Currently, 185 organisations nationally, including 52 from Victoria, have signed up to the initiative. FluoroCycle is delivered jointly by Lighting Council Australia and the Australian Government on behalf of the Australian, state and territory environment ministers.
Ms Rishworth said the Australian Government particularly welcomed the participation of CitiPower and Powercor in the scheme.
"Street lighting is one of the largest lighting sectors in Australia. Together these utilities service 185,000 street lights for 49 municipal councils and VicRoads. Every year, they replace and recycle 35,000 street lamps.
"Not only does this sector use a large number of mercury-containing lamps, each lamp can contain up to 200 milligrams of mercury - more than ten times the amount found in a fluorescent light in a typical office building."
"With these utilities, along with four others around Australia, now committed to recycling 100 per cent of waste lamps, a significant amount of mercury is being diverted from landfill."
The Malthouse Theatre was recognised as the longest standing Commercial User Signatory to FluoroCycle.
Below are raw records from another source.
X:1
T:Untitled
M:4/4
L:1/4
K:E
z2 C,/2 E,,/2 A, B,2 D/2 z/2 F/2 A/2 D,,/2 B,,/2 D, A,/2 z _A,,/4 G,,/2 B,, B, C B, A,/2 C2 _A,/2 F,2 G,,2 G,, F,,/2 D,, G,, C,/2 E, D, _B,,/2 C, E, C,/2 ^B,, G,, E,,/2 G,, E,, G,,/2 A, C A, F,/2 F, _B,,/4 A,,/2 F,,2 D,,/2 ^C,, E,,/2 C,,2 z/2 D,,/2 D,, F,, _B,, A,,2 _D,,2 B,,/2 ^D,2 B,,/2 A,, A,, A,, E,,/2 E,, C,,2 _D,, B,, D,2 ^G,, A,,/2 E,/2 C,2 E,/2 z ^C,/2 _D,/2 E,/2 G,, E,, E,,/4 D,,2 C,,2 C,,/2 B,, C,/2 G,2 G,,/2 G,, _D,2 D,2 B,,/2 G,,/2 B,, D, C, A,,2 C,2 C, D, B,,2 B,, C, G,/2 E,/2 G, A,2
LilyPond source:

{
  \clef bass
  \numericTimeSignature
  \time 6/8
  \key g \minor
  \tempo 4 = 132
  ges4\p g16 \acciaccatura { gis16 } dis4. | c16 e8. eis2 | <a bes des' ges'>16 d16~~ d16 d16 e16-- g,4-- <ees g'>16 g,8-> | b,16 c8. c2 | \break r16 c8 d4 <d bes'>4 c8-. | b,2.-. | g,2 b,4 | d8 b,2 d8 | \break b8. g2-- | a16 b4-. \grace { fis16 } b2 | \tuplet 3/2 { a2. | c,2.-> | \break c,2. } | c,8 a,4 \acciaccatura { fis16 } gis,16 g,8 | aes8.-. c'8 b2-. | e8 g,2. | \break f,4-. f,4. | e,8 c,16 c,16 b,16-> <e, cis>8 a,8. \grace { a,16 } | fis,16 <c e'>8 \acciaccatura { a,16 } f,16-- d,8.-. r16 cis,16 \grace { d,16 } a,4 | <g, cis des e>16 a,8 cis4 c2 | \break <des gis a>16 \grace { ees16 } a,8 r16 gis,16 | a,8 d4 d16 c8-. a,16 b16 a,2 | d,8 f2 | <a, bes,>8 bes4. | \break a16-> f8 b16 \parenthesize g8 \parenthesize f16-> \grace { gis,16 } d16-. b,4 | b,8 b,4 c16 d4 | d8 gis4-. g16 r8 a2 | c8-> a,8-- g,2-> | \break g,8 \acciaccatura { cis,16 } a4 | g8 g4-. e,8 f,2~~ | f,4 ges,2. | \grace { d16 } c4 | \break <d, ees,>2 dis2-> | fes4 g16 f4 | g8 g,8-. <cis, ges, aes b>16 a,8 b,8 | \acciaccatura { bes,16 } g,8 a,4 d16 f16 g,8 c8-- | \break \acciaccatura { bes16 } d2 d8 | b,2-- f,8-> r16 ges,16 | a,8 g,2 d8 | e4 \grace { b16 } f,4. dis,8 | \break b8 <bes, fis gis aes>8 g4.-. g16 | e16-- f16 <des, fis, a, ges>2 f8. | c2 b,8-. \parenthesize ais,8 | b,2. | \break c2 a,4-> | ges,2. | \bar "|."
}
The theatre became a signatory in September 2010. Commercial User Signatories commit to recycling 100 per cent of their waste mercury-containing lamps.
Ms Rishworth also congratulated RMIT, which was the first university to sign on to the scheme, and the University of Melbourne for their involvement in the FluoroCycle scheme.
"Both of these respected Melbourne institutions have a long-standing and commendable commitment to FluoroCycle as part of their broader sustainability policies.
"It is particularly important that younger Australians have exposure to sustainable practices and these two universities are providing this through their commitment to schemes such as FluoroCycle."
As a facilitator for the scheme, Transurban is promoting FluoroCycle to its suppliers, customers, operators and landlords, encouraging them to recycle as many lamps as possible and to sign up to FluoroCycle.
Ms Rishworth congratulated National Australia Bank on its commitment to FluoroCycle since June 2011 and thanked it for hosting today's event.
FluoroCycle and the landmark Product Stewardship Act 2011 are both priority initiatives under Australia's National Waste Policy.